There are an estimated 10,000 orphanages or Child Homes in the country, with approximately 500,000 children. Some of the childrenhave lost both parents, and there are others who have been abandoned or whose parent's whereabouts are not known. There are many who have a single parent or an extended family, which is destitute or not able to provide them with care and protection. For these children, an orphanage represents a refuge, an oasis where they are in a sheltered and secure environment.
A well run orphanages can be a nurturing and conducive environment for child care and development. A child can be provided with proper access to education and life and vocational skills so that they grow up to be well-adapted and socially responsible citizens.

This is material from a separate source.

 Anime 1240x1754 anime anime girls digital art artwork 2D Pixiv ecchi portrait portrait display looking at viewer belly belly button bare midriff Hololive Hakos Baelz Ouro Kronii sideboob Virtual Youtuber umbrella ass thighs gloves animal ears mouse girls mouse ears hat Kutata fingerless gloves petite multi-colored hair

However, sadly, most orphanages are not well run. Some surveys report that 42% of children in orphanages are malnourished. There have been news reports of "horror" stories - children malnourished, abused and harassed. Even if they are the exception, most orphanages are below standards even in the basics -toilets, clean water, decent living conditions, nutritious food, hygiene etc. Recreational facilities are non- existent, schooling poor, very little after school educational support. No life skills training, little preparation for a career or livelihood. The emotional needs of a child go unattended. Using a methodology based on the JUVENILE JUSTICE Act requirements, the average score of 60+ orphanages surveyed by us was 22/100.
This pathetic state of orphanages is due to a variety of reasons, but the three most important are paucity of funds, people capabilities and "management knowhow". In most orphanages, funds are limited and very often uncertain and irregular. Thus infrastructure and facilities are poor. The staff - right from the management level, supervisory level and child care workers are not selected carefully and may lack proper motivation and training. The processes and organisation methods are non-existent or outdated. All these issues need to be addressed to bring about a sea change in the quality of child care and outcomes.

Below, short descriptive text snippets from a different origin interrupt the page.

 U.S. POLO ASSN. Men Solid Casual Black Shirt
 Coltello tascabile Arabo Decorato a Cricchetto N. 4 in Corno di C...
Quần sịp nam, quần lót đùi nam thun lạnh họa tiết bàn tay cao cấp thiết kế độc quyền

At CSA, we see the current situation as an opportunity to make a big difference. Under our Orphanage Transformation work, we have Go Wide and Go Deep programs. The Go Wide programs cover specific needs that are common across most orphanages, for example health check-ups, clean water, nutrition, infrastructure, hygiene, education, recreational facilities, etc. The needs could also be in terms of processes like requirements of Juvenile Justice Act or training of child care workers. Under the Go Wide programs we cover as many orphanages as possible with a cost effective program that has a wide spread impact. Some of our Go Wide programs involve the government officials and other stakeholders to leverage the impact into systemic changes.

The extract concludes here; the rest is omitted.